Work instructions:
From the line containing "Policier adjoint : épreuves" to the last line of the listing, both included, copy every line exactly and drop the pictures.

Source data:
· · ·
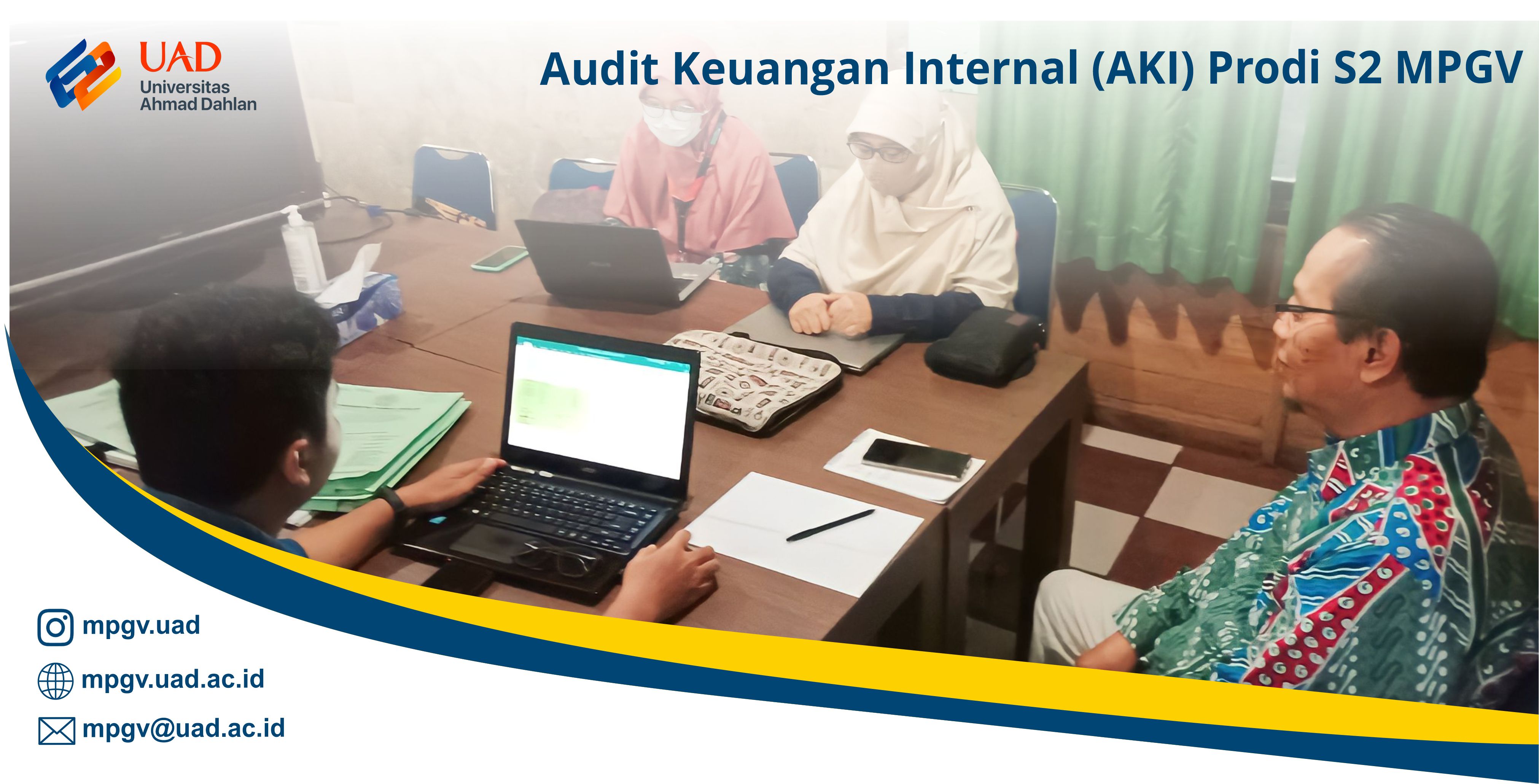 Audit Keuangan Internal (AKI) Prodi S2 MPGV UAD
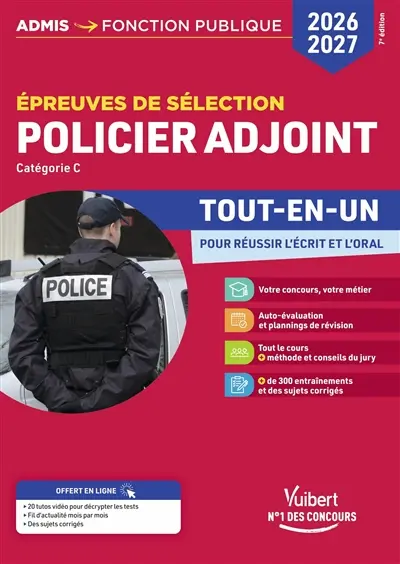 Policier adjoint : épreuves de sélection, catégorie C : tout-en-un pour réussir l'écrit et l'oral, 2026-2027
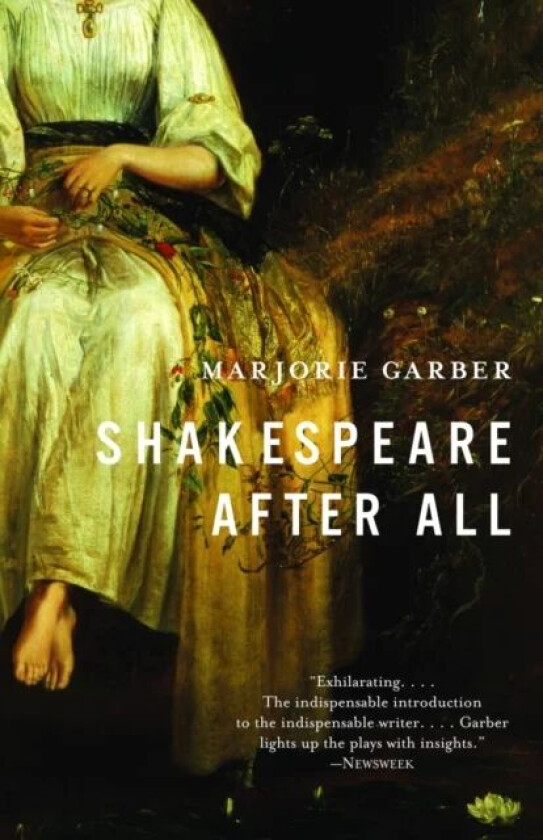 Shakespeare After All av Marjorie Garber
· · ·
Answer section:
 Policier adjoint : épreuves de sélection, catégorie C : tout-en-un pour réussir l'écrit et l'oral, 2026-2027
 Shakespeare After All av Marjorie Garber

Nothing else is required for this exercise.